_What the task requires:_ All of the data, from the first line to the last, should be reproduced without alteration.

_Information shown:_
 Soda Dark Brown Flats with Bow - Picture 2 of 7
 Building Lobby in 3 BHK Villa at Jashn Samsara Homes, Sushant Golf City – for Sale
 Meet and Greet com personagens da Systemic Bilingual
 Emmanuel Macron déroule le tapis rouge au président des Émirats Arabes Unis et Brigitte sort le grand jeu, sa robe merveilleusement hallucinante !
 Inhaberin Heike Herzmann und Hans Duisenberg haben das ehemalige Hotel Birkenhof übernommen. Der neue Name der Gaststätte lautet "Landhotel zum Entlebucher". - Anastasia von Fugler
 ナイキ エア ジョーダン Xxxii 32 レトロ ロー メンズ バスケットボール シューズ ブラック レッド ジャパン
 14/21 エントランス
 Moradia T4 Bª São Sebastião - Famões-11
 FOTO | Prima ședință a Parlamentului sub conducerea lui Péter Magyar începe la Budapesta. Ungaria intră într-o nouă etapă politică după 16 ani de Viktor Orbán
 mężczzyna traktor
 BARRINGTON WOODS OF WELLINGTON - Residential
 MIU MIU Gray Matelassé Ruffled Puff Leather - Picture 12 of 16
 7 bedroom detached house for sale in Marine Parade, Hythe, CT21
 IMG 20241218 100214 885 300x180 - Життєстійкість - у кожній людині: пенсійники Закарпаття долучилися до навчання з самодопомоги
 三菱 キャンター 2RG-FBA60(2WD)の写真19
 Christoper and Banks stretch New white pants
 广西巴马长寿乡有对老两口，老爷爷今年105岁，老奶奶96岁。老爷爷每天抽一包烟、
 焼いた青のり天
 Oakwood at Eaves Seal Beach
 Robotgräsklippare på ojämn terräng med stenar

_Exercise solution:_
 Soda Dark Brown Flats with Bow - Picture 2 of 7
 Building Lobby in 3 BHK Villa at Jashn Samsara Homes, Sushant Golf City – for Sale
 Meet and Greet com personagens da Systemic Bilingual
 Emmanuel Macron déroule le tapis rouge au président des Émirats Arabes Unis et Brigitte sort le grand jeu, sa robe merveilleusement hallucinante !
 Inhaberin Heike Herzmann und Hans Duisenberg haben das ehemalige Hotel Birkenhof übernommen. Der neue Name der Gaststätte lautet "Landhotel zum Entlebucher". - Anastasia von Fugler
 ナイキ エア ジョーダン Xxxii 32 レトロ ロー メンズ バスケットボール シューズ ブラック レッド ジャパン
 14/21 エントランス
 Moradia T4 Bª São Sebastião - Famões-11
 FOTO | Prima ședință a Parlamentului sub conducerea lui Péter Magyar începe la Budapesta. Ungaria intră într-o nouă etapă politică după 16 ani de Viktor Orbán
 mężczzyna traktor
 BARRINGTON WOODS OF WELLINGTON - Residential
 MIU MIU Gray Matelassé Ruffled Puff Leather - Picture 12 of 16
 7 bedroom detached house for sale in Marine Parade, Hythe, CT21
 IMG 20241218 100214 885 300x180 - Життєстійкість - у кожній людині: пенсійники Закарпаття долучилися до навчання з самодопомоги
 三菱 キャンター 2RG-FBA60(2WD)の写真19
 Christoper and Banks stretch New white pants
 广西巴马长寿乡有对老两口，老爷爷今年105岁，老奶奶96岁。老爷爷每天抽一包烟、
 焼いた青のり天
 Oakwood at Eaves Seal Beach
 Robotgräsklippare på ojämn terräng med stenar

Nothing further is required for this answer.